• _WORK ITEM_
Repeat the listing below line for line, exactly as shown.

*** EXTRACTED ENTRIES Section Begins ***

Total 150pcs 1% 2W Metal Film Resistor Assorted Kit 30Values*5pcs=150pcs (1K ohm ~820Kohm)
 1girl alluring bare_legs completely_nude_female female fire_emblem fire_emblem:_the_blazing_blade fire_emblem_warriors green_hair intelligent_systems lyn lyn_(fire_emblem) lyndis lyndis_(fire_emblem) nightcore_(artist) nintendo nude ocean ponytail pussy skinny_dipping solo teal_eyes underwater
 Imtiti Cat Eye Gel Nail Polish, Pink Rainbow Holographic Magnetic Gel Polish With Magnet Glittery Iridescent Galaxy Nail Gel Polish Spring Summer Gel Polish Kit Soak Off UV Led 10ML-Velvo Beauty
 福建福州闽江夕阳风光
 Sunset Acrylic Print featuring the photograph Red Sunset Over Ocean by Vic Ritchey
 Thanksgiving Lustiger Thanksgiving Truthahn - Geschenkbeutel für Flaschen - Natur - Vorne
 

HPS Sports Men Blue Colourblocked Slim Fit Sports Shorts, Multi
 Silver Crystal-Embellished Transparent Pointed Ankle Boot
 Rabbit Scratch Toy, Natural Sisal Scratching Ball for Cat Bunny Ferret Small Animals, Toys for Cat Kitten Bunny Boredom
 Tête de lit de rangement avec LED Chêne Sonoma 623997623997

*** EXTRACTED ENTRIES Section Ends ***

• _RESPONSE BELOW_
Total 150pcs 1% 2W Metal Film Resistor Assorted Kit 30Values*5pcs=150pcs (1K ohm ~820Kohm)
 1girl alluring bare_legs completely_nude_female female fire_emblem fire_emblem:_the_blazing_blade fire_emblem_warriors green_hair intelligent_systems lyn lyn_(fire_emblem) lyndis lyndis_(fire_emblem) nightcore_(artist) nintendo nude ocean ponytail pussy skinny_dipping solo teal_eyes underwater
 Imtiti Cat Eye Gel Nail Polish, Pink Rainbow Holographic Magnetic Gel Polish With Magnet Glittery Iridescent Galaxy Nail Gel Polish Spring Summer Gel Polish Kit Soak Off UV Led 10ML-Velvo Beauty
 福建福州闽江夕阳风光
 Sunset Acrylic Print featuring the photograph Red Sunset Over Ocean by Vic Ritchey
 Thanksgiving Lustiger Thanksgiving Truthahn - Geschenkbeutel für Flaschen - Natur - Vorne
 

HPS Sports Men Blue Colourblocked Slim Fit Sports Shorts, Multi
 Silver Crystal-Embellished Transparent Pointed Ankle Boot
 Rabbit Scratch Toy, Natural Sisal Scratching Ball for Cat Bunny Ferret Small Animals, Toys for Cat Kitten Bunny Boredom
 Tête de lit de rangement avec LED Chêne Sonoma 623997623997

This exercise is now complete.